このトレードの場合は、そもそもの最初の環境認識からしてズレてるのであれですが、上位足トレンドと逆行するトレードをしたい場合に、躊躇い無くエントリーできる方法が思いつかない。
このトレード例だとイメージ図青矢印でエントリーした後、レンジ下限ライン付近(5分足画像青点線ライン)で陽線が確定した時点で建値に損切りを置く?ただし、ブレイク後のちょっと深めの戻りが発生するとあっさり引っかかるかもしれないし、悩ましいです。
自分の場合、含み損は出来るかぎり抱えたくないので最初から逆指値を挿していますが、時々あるトレード動画を見る限りだと、初めからは逆指値入れてないですよね?
※逆指値は20ピプスで設定していますが、これは事故防止のためで、そこまで達する前に切っています。
目線を外したとき押し戻りを待ってからエントリーに近い位置で切る(場合によってはドテン)ことをされているように見受けられます。
逆トレンドで入るときは別かもしれませんが、目線と逆に一方的なトレンドが発生して押し戻りが無かった場合はどうされてますか?
または強い押し戻りが発生しそう、しそうにないと予測する方法はありますでしょうか?
目線決め
WAMUさんの言われる通り、ここは売りと買いが綱引きするエリアなので、売り目線と買い目線の人が、真逆の期待をしています。
売り目線なら、高値更新の弱さから、Wトップの可能性を意識して、戻り売りポイントを探っているでしょうし、買い目線なら、高値更新からの、押し目買いポイントを探しているでしょう。
WAMUさんは「買い」を選んだわけで、ならば、この急落をとれなくても仕方がありません。
むしろ、急落に反応してマウスをクリックしなかった自分を、褒めてあげるべきだと思います。
ここからはボクの解釈ですが、今回のエリアは天井になってもおかしくないかな…と分析しました。
WAMUさんは、週足水平線(レジサポ転換候補)をブレイクしたといわれてますが、週足はまだ実体で抜けていません。
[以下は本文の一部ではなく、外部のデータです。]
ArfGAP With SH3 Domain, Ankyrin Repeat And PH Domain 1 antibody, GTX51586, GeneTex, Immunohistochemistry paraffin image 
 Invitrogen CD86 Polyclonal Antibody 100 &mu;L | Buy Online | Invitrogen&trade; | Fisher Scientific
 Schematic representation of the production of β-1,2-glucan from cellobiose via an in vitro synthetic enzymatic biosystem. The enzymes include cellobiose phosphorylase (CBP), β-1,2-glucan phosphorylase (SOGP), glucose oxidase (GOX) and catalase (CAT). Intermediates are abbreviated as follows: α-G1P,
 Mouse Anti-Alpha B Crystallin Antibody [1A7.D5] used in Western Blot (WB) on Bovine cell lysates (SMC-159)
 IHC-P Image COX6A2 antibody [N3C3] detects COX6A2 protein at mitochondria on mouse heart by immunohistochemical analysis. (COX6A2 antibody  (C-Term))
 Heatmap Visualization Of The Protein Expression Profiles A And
つまり、レジスタンスされる可能性も大いにあることを示唆しています。
ひとつの波の寿命は、エリオット波動論などでいわれているように、およそ5波です。上昇なら3段登れば寿命が尽きます。
今回の箇所は、5波目の上昇クライマックスなので、短命かつ乱高下しやすい性質があります。
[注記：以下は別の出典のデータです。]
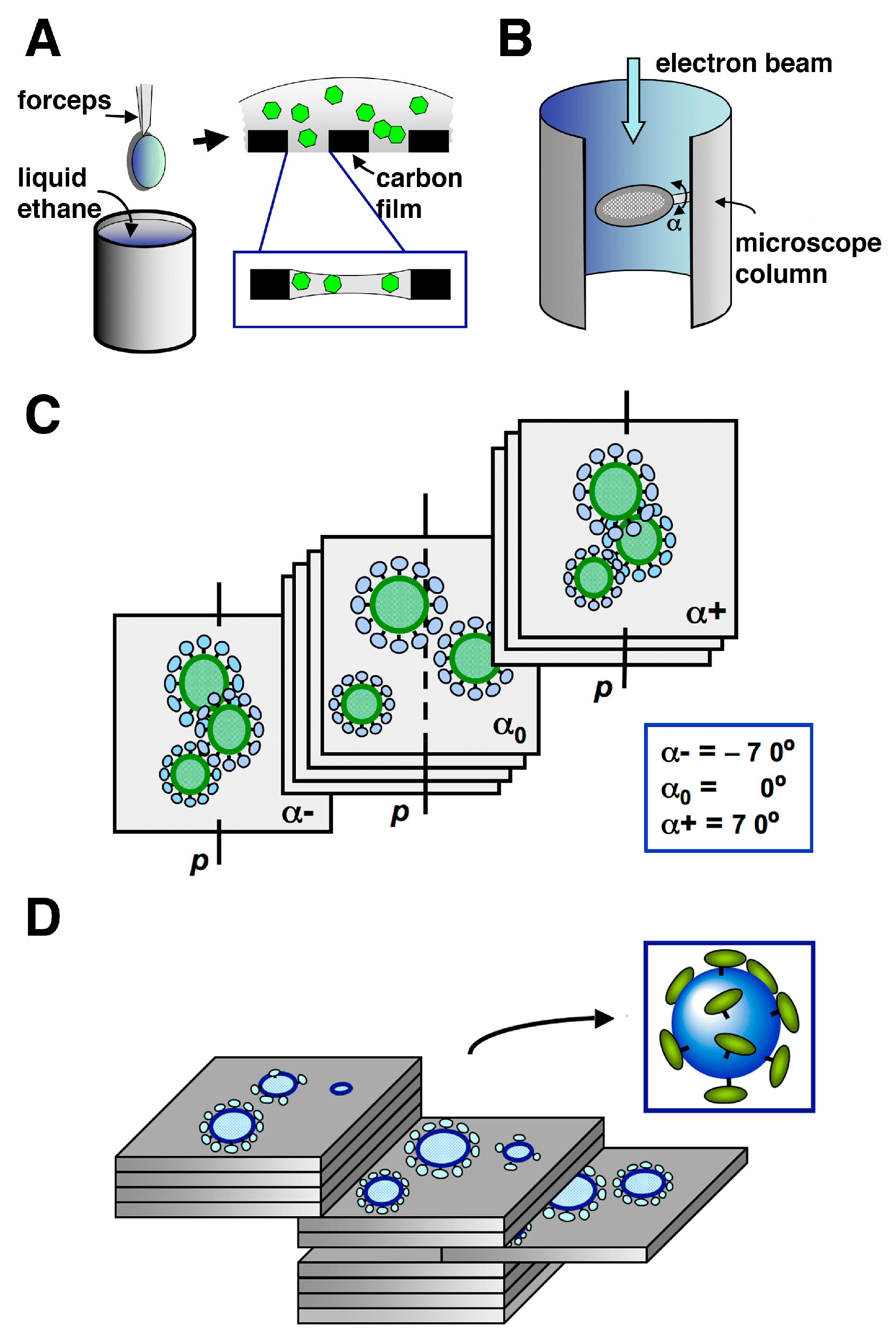 Viruses 03 00770 g004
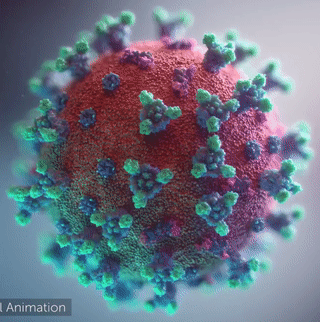 Overall view of the COVID-19 virus. Note the spikes, aqua, that adorn the outer surface, red, which imparts a corona like appearance (Fusion Animation).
ひとつの波の寿命が尽きると、白破線のように、一度、大きく押してから、一回り大きなサイズの波に成長します。
4時間足をみれば、先週、高値更新してはいますが、週足レベルではブレイクできてない事実があり、高値未更新とも観れます。そうなると、早々と売り始める人や、ロングの利食い組もでてきます。
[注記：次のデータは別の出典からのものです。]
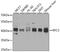 Replication factor C subunit 3 antibody, GTX33464, GeneTex, Western Blot image 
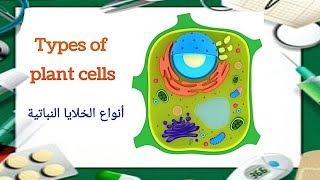 Types of plant cells أنواع الخلايا النباتية [upl. by Libre]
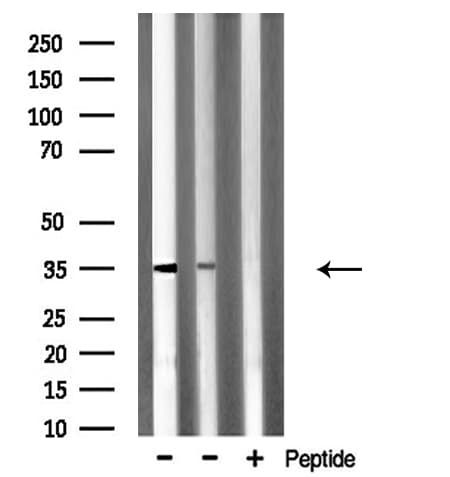 SLC25A31 Antibody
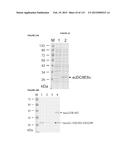 PROTEIN-BASED THERAPY AND DIAGNOSIS OF TAU-MEDIATED PATHOLOGY IN     ALZHEIMER S DISEASE diagram and image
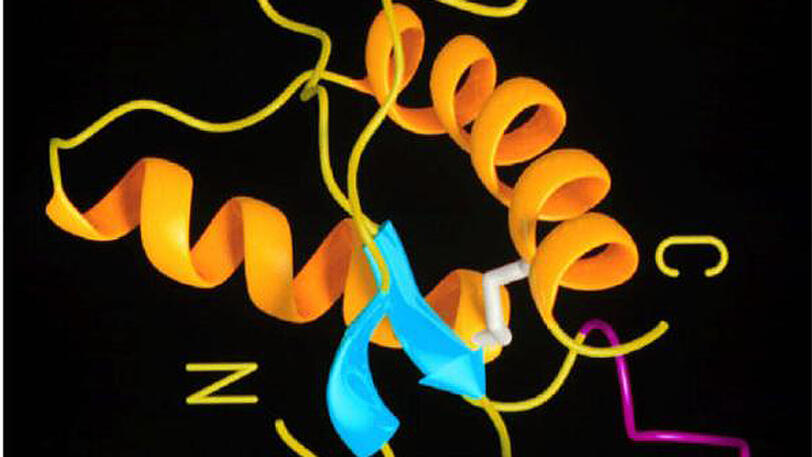 Darstellung der dreidimensionalen Struktur eines fehlerhaften Proteins.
高値(オレンジ〇)更新率は10%未満で、上昇トレンド継続になるか、天井になるか、正直、どっちもあり得ます。
補助的にRSIを表示しました。RSIは、市場参加者の心理を描画するインジといわれますが、見ての通りダイバージェンスしていて、レートは高値更新していますが、心理的な高値は切り下げています。
RSIでみると、赤〇は絶好のショートポイントです。このように、RSIに水平線を引く使い方もできますが、高値更新率や、上昇波の回数、上位足レジスタンスでも分析できます。
インジに頼ると、自分の頭で、環境認識する力が育たないので注意です。5分足などの短期足でRSIを使っても、上位足レジサポが絡むと機能しません。結局、地道に相場観を身につけるしかなく遠回りするだけ、経験済です。
WAMUさんは、青矢印のような押し目買いによる上昇をイメージしていたのかもしれませんが、グレーゾーンは戻り売り候補でもあるので、グレーゾーン上限では売られやすくなります。
エントリータイミング
ボクが買い目線だったら、前日足終値サポートと4時間足オレンジ水平線に挟まれた、このグレーゾーンで観て、買えるところはありません。
- WAMUさんはオレンジ〇を高値更新と観てますが、わずかに、1.8ピプスで、更新率10%未満&ヒゲです。
- 青〇ピンバーでロングとありますが、見る限り、まだ下がっている途中にみえます。おそらく1分足でみても、転換する仕草すらないと思われます。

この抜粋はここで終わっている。